We have recently collected additional data for this task (https://arxiv.org/abs/2005.04177), which we will present at BioNLP 2020. The data is available at: http://evidence-inference.ebm-nlp.com/download/. We are still working on cleaning the code for release of the new models here, but expect this to be available within a week or so of this writing (6/15/2020).
Data and code from our "Inferring Which Medical Treatments Work from Reports of Clinical Trials", NAACL 2019. This work concerns inferring the results reported in clinical trials from text.
The dataset consists of biomedical articles describing randomized control trials (RCTs) that compare multiple treatments. Each of these articles will have multiple questions, or 'prompts' associated with them. These prompts will ask about the relationship between an intervention and comparator with respect to an outcome, as reported in the trial. For example, a prompt may ask about the reported effects of aspirin as compared to placebo on the duration of headaches.
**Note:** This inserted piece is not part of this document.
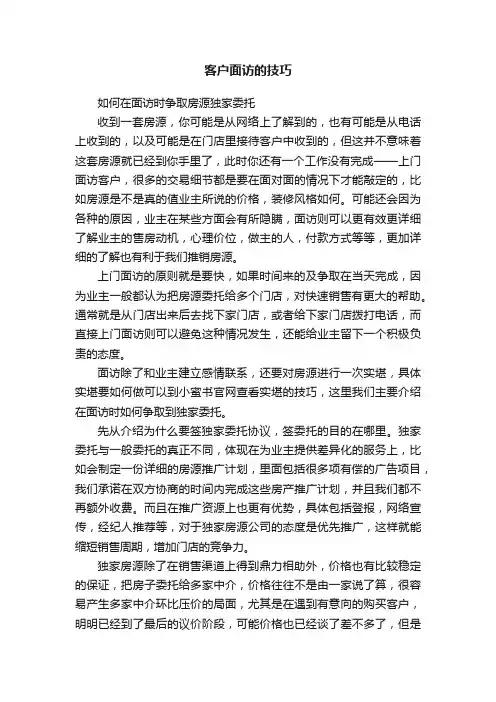 客户面访的技巧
For the sake of this task, we assume that a particular article will report that the intervention of interest either significantly increased, significantly decreased or had significant effect on the outcome, relative to the comparator.
The dataset could be used for automatic data extraction of the results of a given RCT. This would enable readers to discover the effectiveness of different treatments without needing to read the paper.
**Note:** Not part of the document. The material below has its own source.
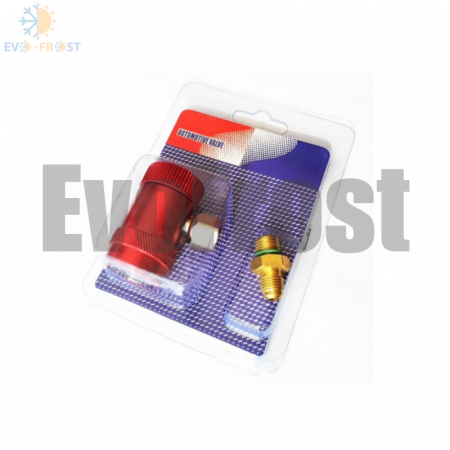 Accesorii si consumabile - Cupla auto inalta rosu QC-H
See README.annotation_process.md for information about the annotation process.
Raw documents are generated in both the PubMed nxml format and a plain text version suitable for human and machine readability (you can use your favorite tokenizer and model). Annotations are described in detail in the annotation description.
We distribute annotation in a csv format (prompts and labels). If you prefer to work with a json format, we provide a script to convert from the csv format.
See SETUP.md for information about how to configure and reproduce primary paper results.
Eric Lehman, Jay DeYoung, Regina Barzilay, and Byron C. Wallace. 2019. Inferring which medical treatments work from reports of clinical trials. In Proceedings of the 2019 Conference of the North American Chapter of the Association for Computational Linguistics: Human Language Technologies, Volume 1 (Long and Short Papers), pages 3705–3717, Minneapolis, Minnesota. Association for Computational Linguistics.
When citing this project, please use the following bibtex citation:
@inproceedings{lehman-etal-2019-inferring, title = "Inferring Which Medical Treatments Work from Reports of Clinical Trials", author = "Lehman, Eric and DeYoung, Jay and Barzilay, Regina and Wallace, Byron C.", booktitle = "Proceedings of the 2019 Conference of the North {A}merican Chapter of the Association for Computational Linguistics: Human Language Technologies, Volume 1 (Long and Short Papers)", month = jun, year = "2019", address = "Minneapolis, Minnesota", publisher = "Association for Computational Linguistics", url = "https://www.aclweb.org/anthology/N19-1371", pages = "3705--3717", }
This work is supported by NSF CAREER Award 1750978.